BLYTHEWOOD – During the Academy Awards Sunday evening, Blythewood native Michelle Eisenreich, the visual effects producer for film company Double Negative, and her team won an Oscar for their work on the film, ‘First Man.’
And that wasn’t her first Oscar. Her team also won one last year for ‘Blade Runner 2049.’ It was a success she couldn’t have dreamed of when she arrived in Los Angeles in 1999 with a brand new degree in film from Florida State University. She was looking for a job, any job she could get in the film industry, short of acting.
“I was much too shy to act,” Eisenreich recalls.

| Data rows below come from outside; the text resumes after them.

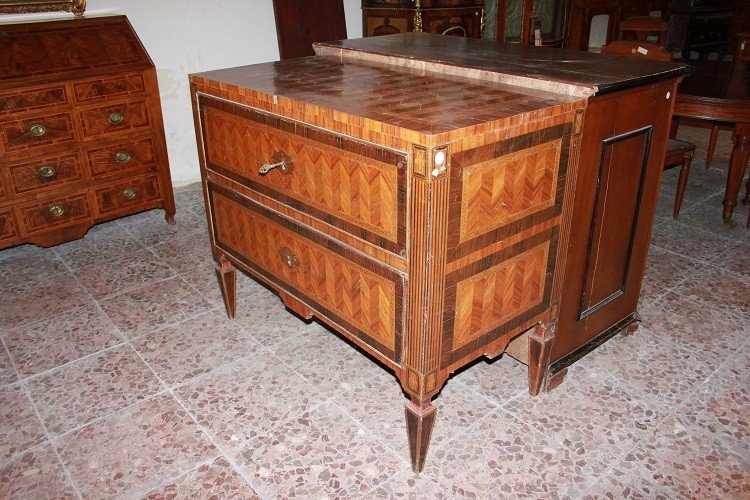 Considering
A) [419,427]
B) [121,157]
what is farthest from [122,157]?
[419,427]

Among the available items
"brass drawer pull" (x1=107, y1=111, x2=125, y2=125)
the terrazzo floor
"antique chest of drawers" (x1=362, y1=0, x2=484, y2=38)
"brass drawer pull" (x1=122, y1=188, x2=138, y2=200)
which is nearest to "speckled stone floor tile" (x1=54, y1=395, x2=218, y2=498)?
the terrazzo floor

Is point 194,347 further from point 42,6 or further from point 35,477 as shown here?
point 42,6

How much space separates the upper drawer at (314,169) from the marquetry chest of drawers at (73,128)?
1127 mm

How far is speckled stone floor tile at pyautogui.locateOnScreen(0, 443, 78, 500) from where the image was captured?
163 cm

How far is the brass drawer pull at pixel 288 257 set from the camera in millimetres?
1879

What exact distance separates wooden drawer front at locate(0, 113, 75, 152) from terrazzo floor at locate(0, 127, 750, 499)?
634 millimetres

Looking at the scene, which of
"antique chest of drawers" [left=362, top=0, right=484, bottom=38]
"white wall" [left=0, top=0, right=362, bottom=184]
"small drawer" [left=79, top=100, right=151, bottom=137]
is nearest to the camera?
"small drawer" [left=79, top=100, right=151, bottom=137]

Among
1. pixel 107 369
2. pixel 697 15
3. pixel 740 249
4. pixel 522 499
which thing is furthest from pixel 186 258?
pixel 697 15

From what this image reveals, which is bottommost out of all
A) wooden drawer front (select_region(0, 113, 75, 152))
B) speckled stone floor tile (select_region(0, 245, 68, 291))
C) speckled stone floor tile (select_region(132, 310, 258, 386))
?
speckled stone floor tile (select_region(132, 310, 258, 386))

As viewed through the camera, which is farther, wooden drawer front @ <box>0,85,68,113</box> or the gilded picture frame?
the gilded picture frame

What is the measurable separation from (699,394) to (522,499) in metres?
0.81

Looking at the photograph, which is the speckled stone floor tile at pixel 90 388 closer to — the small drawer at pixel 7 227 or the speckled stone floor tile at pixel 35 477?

She took the first job she was offered – a production assistant at Hammerhead Productions, a small visual effects company where her first assignment was a key role in creating the visual effects for the movie X-Men.
While Eisenreich said she’d never thought of herself as a visual effects person, she apparently was one. A good one.
“I was always interested in both the creative side of filmmaking and the technical, so, by chance, visual effects turned out to be a really good fit to combine both,” she told The Voice in a phone interview from her home in Vancouver, earlier this week.
The Oscar wins, Eisenreich said, are important to her both professionally and personally.
“It’s a great honor, of course, but it’s also very fulfilling on a personal level. I’ve been in the industry for a very long time. It’s a difficult industry – a lot of long hours, a lot of sacrifices. There‘s not much personal time,” she said. “When you’re on a project, everything’s about the project. It’s a big commitment, so it’s nice to be recognized.”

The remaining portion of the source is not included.